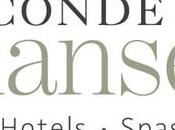 Condé Nast Johansens prepara lanzamiento primera guía mundial unificada hoteles lujo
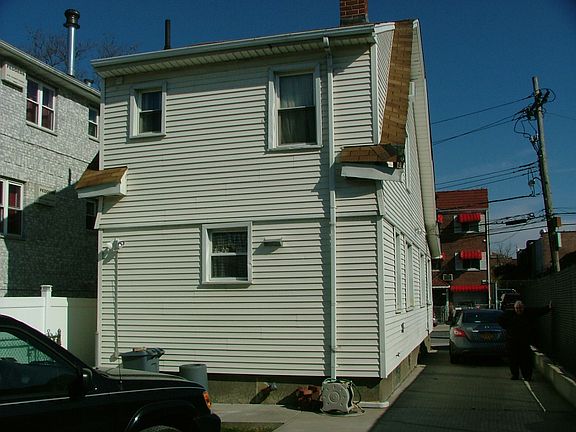2nd image of 5948 159th St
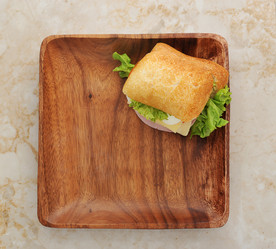 Similar image 11044650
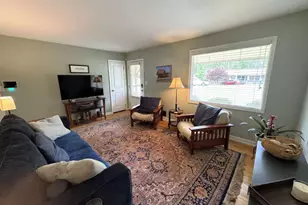 149 Caroline Ave, Athens, GA 30606 - Photo 4
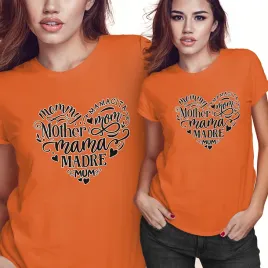 t-shirt-koszulka-na-dzien-mamy-bluzka-damska-2xl-prezent-jakosc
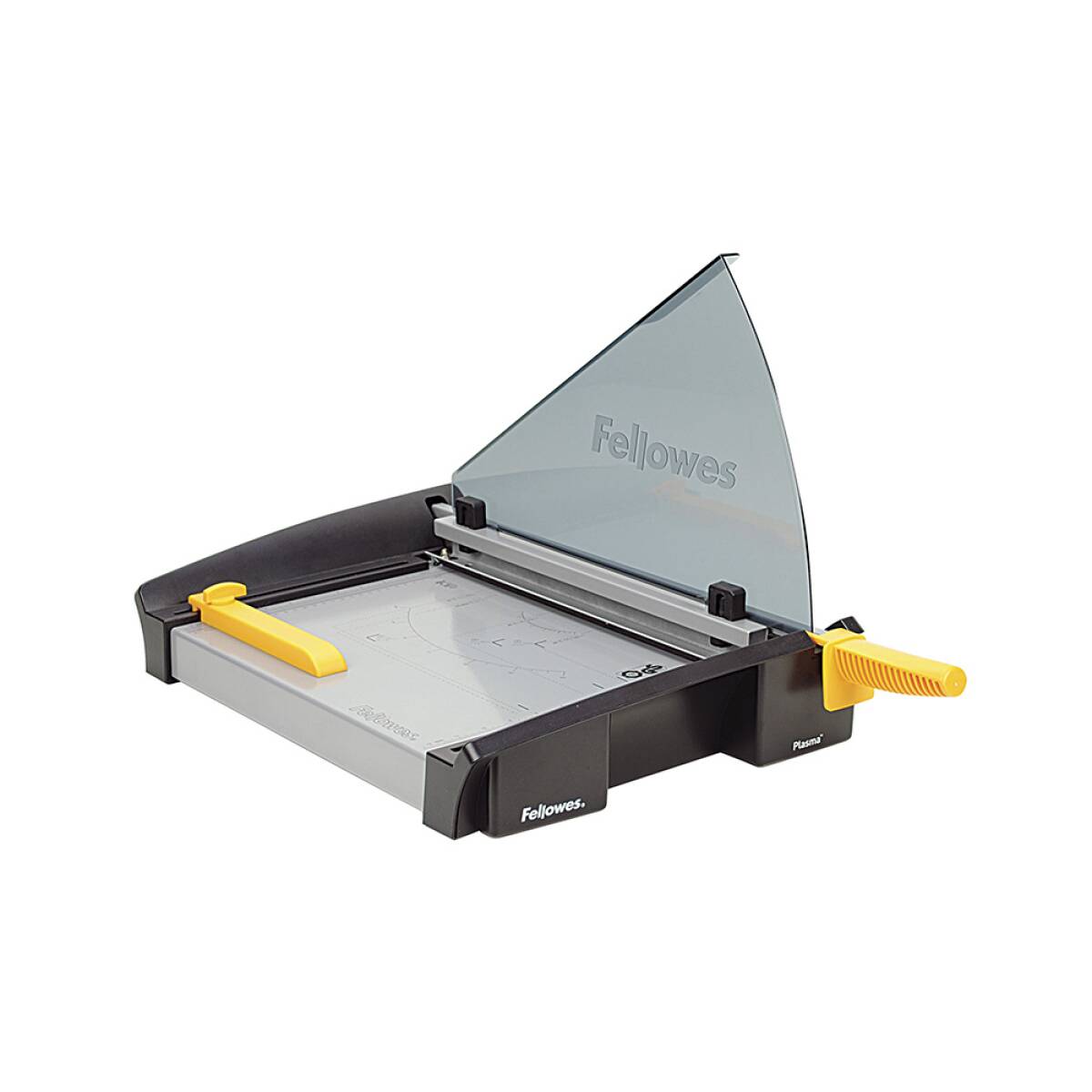 TAGLIERINA PLASMA A3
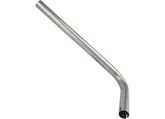 CUMMINS/ONAN 155-3481-01 22IN EXHAUST TUBE KIT FOR RV QG 55007000 GENERATORS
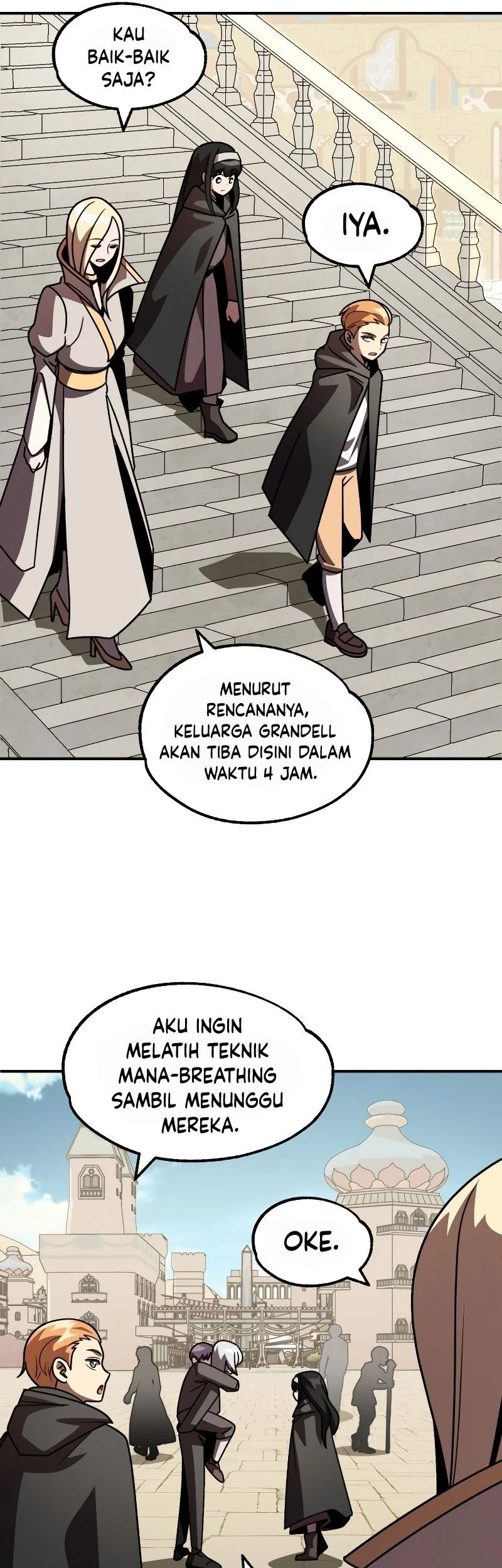 Chapter 27 - halaman 47
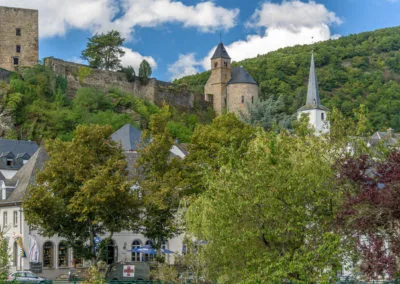 Photo - Concours photo 2019 - Ensemble des images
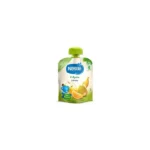 Nestle Fruit Puree 4 Fruits 90g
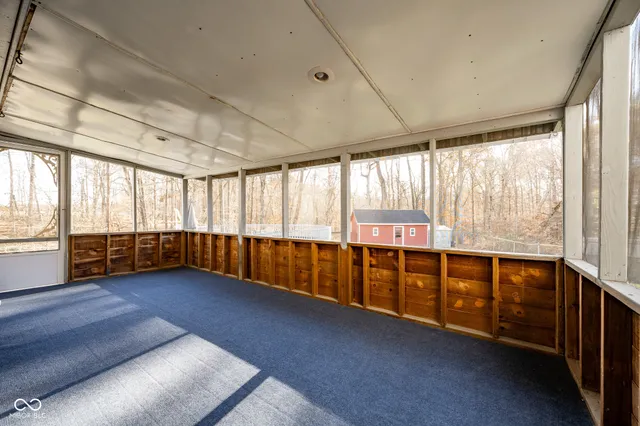 $270,000 | 222 County Road 50 North, Fillmore, IN 46128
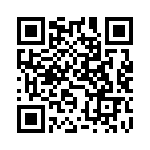 LM4877ITP-NOPB QRCode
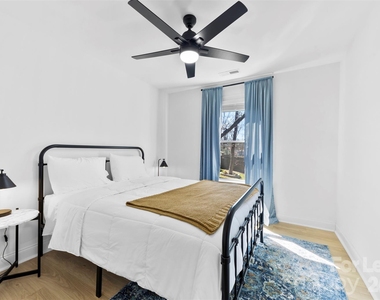 4114 Rutgers Avenue - Photo Thumbnail 4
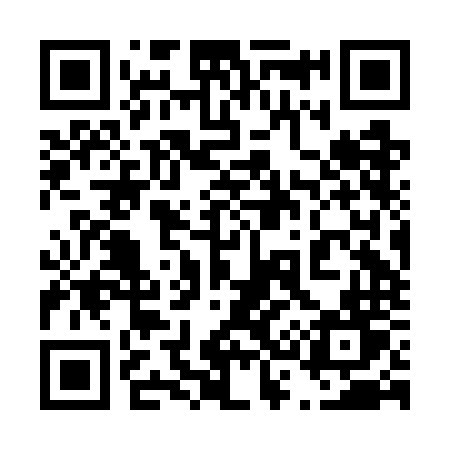 QR code for 432GNT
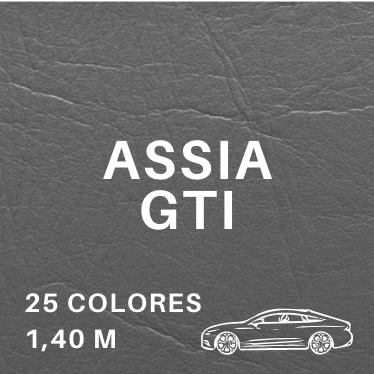 Odoo - Ejemplo 1 para tres columnas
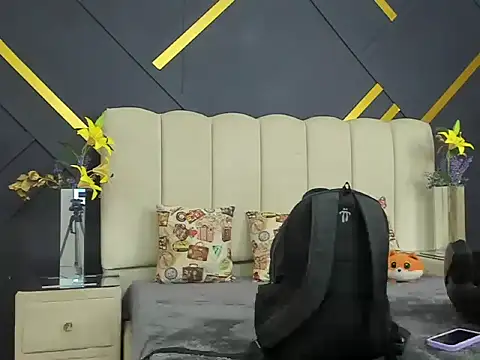 ShanellDiaz  online show from 02/19/26, 02:52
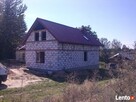 budowa domów - 4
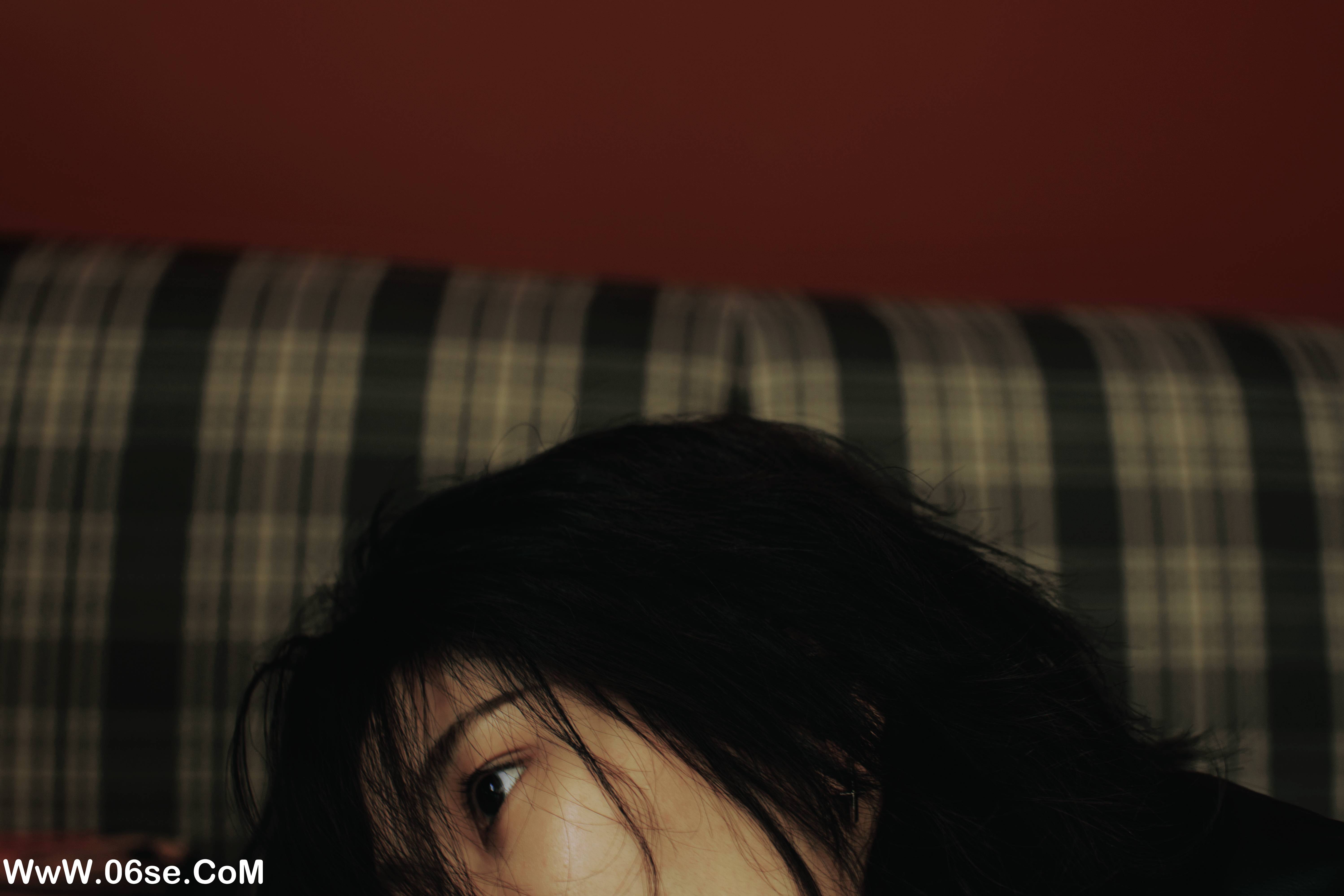 图片[17]-[YITUYU艺图语]2022.11.01 复古影像 小金[30+1P／397MB]-六色网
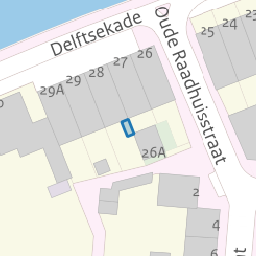 Perceel SWK03-F-3342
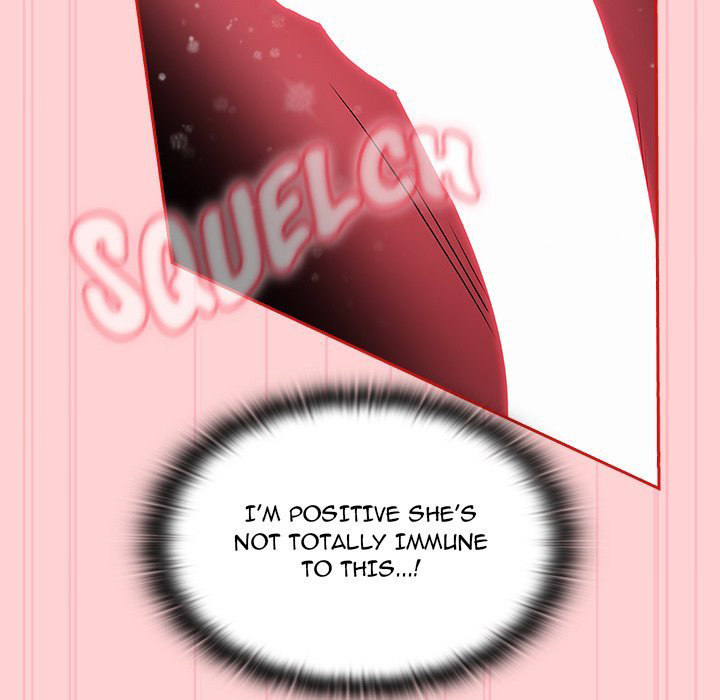 Maid Rehabilitation - Chapter 55 [photo 60] - MangaPorn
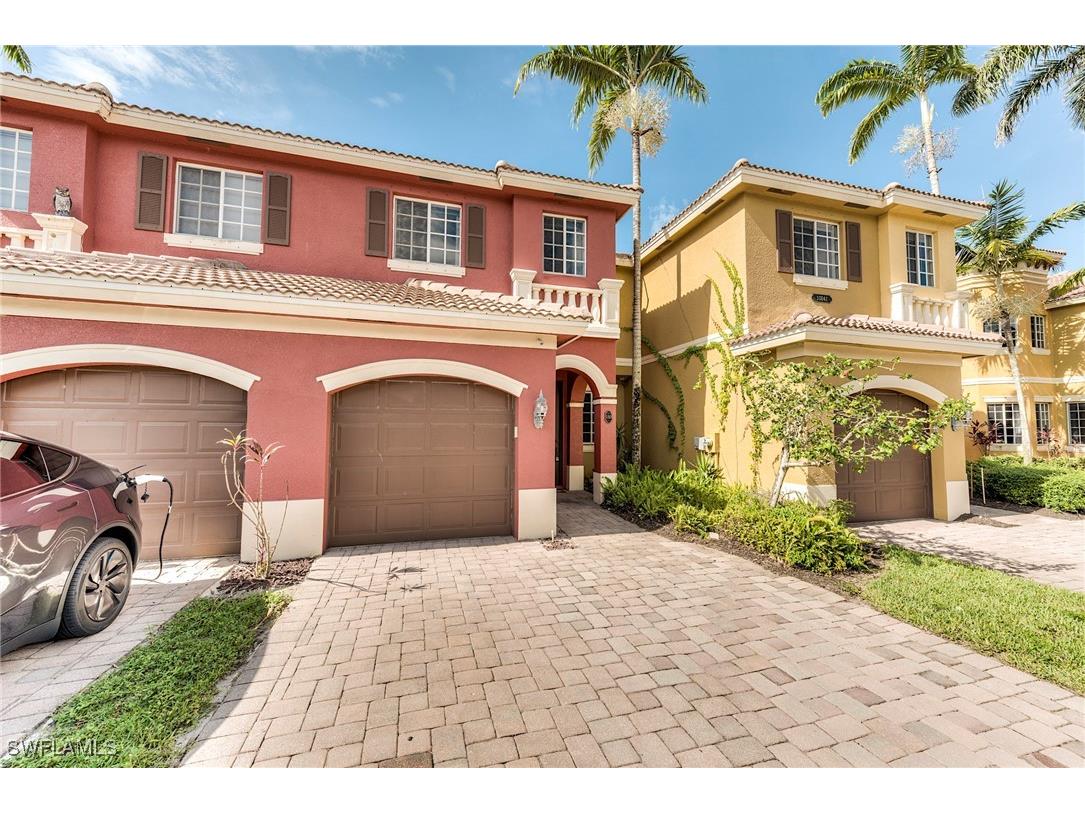10241 Olivewood Way #150 Estero FL 33928 225063185 image2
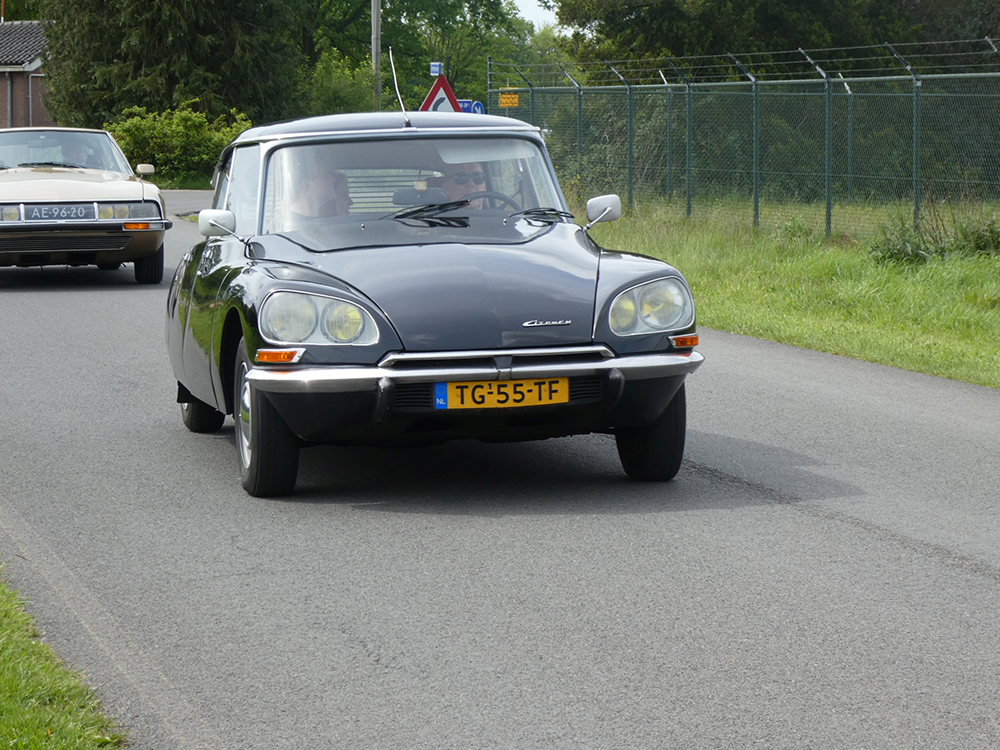 � 2024 Jan
                                    Matthijs Werkman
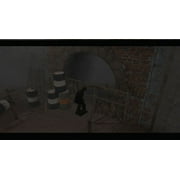 Konami Silent Hill HD Collection - PlayStation 3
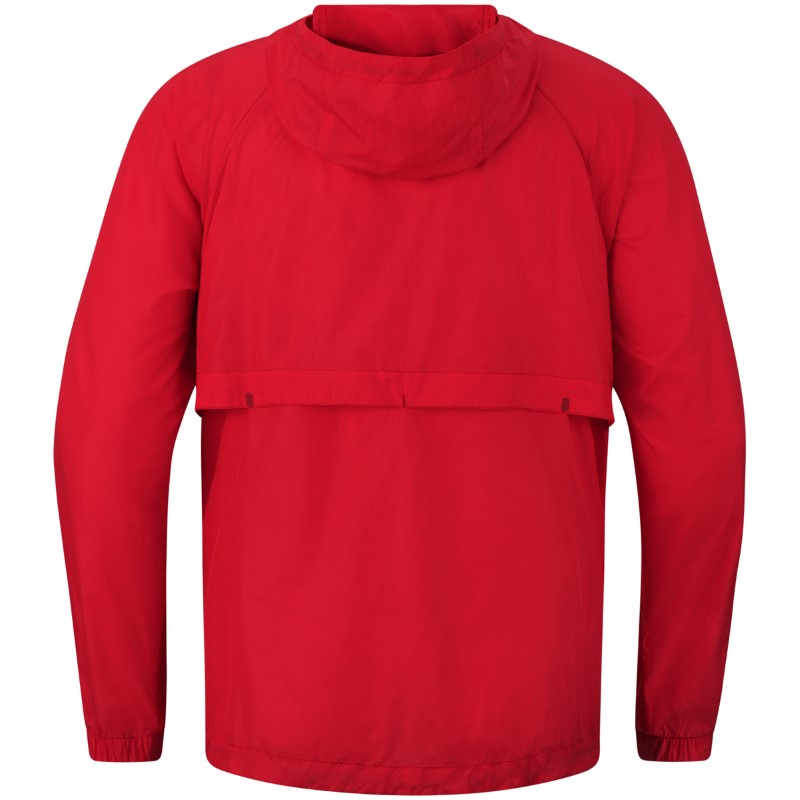 JAKO Lightweightjas Flow 9876k-100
####
* [Instructions to follow]:
Set down all entries above again, exactly, without images.

* [Finished task]:
 Condé Nast Johansens prepara lanzamiento primera guía mundial unificada hoteles lujo
2nd image of 5948 159th St
 Similar image 11044650
 149 Caroline Ave, Athens, GA 30606 - Photo 4
 t-shirt-koszulka-na-dzien-mamy-bluzka-damska-2xl-prezent-jakosc
 TAGLIERINA PLASMA A3
 CUMMINS/ONAN 155-3481-01 22IN EXHAUST TUBE KIT FOR RV QG 55007000 GENERATORS
 Chapter 27 - halaman 47
 Photo - Concours photo 2019 - Ensemble des images
 Nestle Fruit Puree 4 Fruits 90g
 $270,000 | 222 County Road 50 North, Fillmore, IN 46128
 LM4877ITP-NOPB QRCode
 4114 Rutgers Avenue - Photo Thumbnail 4
 QR code for 432GNT
 Odoo - Ejemplo 1 para tres columnas
 ShanellDiaz  online show from 02/19/26, 02:52
 budowa domów - 4
 图片[17]-[YITUYU艺图语]2022.11.01 复古影像 小金[30+1P／397MB]-六色网
 Perceel SWK03-F-3342
 Maid Rehabilitation - Chapter 55 [photo 60] - MangaPorn
10241 Olivewood Way #150 Estero FL 33928 225063185 image2
 � 2024 Jan
                                    Matthijs Werkman
 Konami Silent Hill HD Collection - PlayStation 3
 JAKO Lightweightjas Flow 9876k-100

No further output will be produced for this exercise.